Hi all,
following discussions yesterday with Juan Quintela and Marcelo Tosatti,
here is my humble proposal: remove block migration from qemu master. It
seems to me that keeping block migration is going to slow down further
improvements on migration. The main problems are:
1) there are very good reasons to move migration to a separate thread.
Only a limited amount of extra locking, perhaps none is needed in order
to do so for RAM and devices. But the block drivers pretty much need to
run under the I/O thread lock, and coroutines will not help if the I/O
thread is taken by another thread. It's hard/unreliable/pointless to
ping-pong migration between threads.
2) there already are plans to reimplement block migration... it's called
streaming :) and not coincidentially it reuses some of the block
migration code.
Here is how it would go:
1) remotely stream the block devices from machine A to machine B. Keep
them in sync via the mirroring block device when the streaming is finished.
2) As soon as they are in sync, start live migration.
3) When the source QEMU exits, the destination machine runs and
switches over to its local storage.
Now, how do you do remote streaming? NBD. It does anything you need
except perhaps TRIM---also easily added.
1a) Start qemu-nbd on the remote machine, writing to the destination image.

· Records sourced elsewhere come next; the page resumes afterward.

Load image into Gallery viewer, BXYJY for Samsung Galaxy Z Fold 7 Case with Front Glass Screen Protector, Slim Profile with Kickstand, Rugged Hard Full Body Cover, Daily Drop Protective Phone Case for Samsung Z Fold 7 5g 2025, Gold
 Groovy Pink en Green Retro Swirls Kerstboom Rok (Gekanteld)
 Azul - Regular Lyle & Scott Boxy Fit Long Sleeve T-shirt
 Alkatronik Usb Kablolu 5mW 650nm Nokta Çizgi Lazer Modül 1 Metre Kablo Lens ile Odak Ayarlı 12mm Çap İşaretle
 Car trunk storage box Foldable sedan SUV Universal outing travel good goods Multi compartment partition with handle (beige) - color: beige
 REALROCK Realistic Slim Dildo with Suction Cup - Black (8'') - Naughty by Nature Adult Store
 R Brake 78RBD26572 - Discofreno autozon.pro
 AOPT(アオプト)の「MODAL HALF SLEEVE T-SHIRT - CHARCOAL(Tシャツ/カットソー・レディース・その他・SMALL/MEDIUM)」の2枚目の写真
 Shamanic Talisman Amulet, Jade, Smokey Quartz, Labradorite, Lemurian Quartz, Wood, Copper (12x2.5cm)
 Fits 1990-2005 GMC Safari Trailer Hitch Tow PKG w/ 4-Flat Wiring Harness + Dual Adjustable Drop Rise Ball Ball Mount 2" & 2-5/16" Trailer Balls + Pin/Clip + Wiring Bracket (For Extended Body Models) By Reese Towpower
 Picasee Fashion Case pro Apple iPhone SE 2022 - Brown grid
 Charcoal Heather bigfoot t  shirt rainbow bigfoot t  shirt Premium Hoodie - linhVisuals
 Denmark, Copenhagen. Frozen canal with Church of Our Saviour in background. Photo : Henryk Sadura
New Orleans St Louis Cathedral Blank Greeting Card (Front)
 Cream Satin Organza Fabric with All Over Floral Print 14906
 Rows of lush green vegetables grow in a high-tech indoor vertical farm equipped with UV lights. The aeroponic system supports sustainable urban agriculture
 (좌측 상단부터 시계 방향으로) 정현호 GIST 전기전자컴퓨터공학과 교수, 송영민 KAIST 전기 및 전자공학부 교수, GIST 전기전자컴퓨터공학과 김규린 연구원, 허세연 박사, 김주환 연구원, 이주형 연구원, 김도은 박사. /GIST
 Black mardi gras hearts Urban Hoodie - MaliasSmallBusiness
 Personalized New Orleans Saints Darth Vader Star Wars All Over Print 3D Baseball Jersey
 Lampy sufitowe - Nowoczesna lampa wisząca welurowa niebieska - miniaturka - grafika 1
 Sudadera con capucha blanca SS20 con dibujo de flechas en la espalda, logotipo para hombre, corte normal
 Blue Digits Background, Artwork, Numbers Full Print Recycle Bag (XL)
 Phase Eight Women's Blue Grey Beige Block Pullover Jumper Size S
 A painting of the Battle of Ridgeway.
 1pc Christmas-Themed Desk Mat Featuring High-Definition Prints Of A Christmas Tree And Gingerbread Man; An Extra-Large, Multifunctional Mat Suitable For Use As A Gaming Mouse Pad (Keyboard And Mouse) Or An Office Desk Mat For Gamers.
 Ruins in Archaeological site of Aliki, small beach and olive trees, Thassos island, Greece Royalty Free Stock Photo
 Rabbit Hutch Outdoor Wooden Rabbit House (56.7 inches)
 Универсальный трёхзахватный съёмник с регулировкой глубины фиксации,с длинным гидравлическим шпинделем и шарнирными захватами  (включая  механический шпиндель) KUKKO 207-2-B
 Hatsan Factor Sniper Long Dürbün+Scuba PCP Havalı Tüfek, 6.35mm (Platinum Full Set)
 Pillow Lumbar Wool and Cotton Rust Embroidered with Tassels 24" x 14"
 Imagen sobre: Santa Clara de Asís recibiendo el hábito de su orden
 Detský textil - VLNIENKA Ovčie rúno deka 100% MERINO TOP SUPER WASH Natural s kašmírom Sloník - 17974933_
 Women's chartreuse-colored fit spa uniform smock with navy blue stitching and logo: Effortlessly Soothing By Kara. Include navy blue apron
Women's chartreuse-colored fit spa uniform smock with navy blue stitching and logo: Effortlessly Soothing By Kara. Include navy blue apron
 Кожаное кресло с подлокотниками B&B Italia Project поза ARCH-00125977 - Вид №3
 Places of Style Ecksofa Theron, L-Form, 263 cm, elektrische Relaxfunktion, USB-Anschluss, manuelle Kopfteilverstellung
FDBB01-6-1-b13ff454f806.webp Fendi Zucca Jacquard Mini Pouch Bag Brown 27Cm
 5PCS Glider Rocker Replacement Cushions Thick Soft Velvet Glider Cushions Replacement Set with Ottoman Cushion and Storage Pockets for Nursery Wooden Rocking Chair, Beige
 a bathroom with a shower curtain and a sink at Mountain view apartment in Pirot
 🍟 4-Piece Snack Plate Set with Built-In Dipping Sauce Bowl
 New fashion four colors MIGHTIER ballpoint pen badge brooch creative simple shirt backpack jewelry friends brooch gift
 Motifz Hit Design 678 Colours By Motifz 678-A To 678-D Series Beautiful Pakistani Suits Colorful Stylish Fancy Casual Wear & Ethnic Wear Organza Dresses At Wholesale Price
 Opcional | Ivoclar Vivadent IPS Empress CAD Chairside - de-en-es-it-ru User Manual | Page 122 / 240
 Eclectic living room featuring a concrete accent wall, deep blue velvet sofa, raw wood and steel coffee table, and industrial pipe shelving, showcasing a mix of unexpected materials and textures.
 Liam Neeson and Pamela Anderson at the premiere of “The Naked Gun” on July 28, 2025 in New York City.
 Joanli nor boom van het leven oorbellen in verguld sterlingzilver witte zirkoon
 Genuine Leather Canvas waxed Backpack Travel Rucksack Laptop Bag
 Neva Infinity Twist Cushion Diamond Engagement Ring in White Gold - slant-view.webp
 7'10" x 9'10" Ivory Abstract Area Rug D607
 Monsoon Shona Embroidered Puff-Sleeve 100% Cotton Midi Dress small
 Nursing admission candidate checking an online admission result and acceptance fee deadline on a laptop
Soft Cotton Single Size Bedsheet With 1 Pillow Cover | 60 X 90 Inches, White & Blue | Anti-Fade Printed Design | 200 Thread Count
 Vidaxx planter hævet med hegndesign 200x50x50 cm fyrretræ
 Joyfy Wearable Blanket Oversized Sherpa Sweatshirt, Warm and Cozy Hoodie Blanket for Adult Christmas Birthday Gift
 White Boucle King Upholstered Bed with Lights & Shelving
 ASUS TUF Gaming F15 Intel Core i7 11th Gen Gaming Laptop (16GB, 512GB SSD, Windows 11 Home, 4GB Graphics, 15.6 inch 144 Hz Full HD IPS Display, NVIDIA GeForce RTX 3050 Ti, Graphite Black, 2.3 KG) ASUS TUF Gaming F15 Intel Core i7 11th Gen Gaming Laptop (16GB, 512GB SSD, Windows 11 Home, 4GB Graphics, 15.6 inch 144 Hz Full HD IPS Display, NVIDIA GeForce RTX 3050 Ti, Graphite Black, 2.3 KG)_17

1b) Start (local) live streaming of the source block device to an NBD
client that points to the qemu-nbd occurrence.
2a) Start qemu -S -incoming on the remote machine. Use the same image
you used in (1a) for the disk.
2b) As soon as streaming finishes, _keep mirroring_ on the source and
start live migration.
3) Wait until after the NBD server closes the connection with the client
before starting the destination machine.
Advantages:
1) Streaming and migration cannot be done at the same time, this should
make the limitation much easier to fix. I don't know if Marcelo's code
can stream multiple devices at the time but, even if it can't, taking
migration out of the picture should make that easier.
2) Easier to make improvements to migration.
3) Perhaps separating block/RAM migration would make convergence of
pre-copy migration easier?
Disadvantages:
1) It requires one listening port per disk on the destination machine
but, if desired, libvirt can tunnel the NBD connection just like it
tunnels the migration data---it can even encrypt it and whatnot.
2) Complicated to do by hand. If you want to simplify this, qemu-nbd
can be embedded in qemu itself as -incoming-nbd or as a new monitor
command, and similar syntactic sugar can be provided on the source. But
this requires more changes and the sequence would in practice be managed
by libvirt, of course. The manual steps still allow the idea to be
demonstrated with zero changes to the code besides streaming.
3) ... put yours here.
How does it sound?
Paolo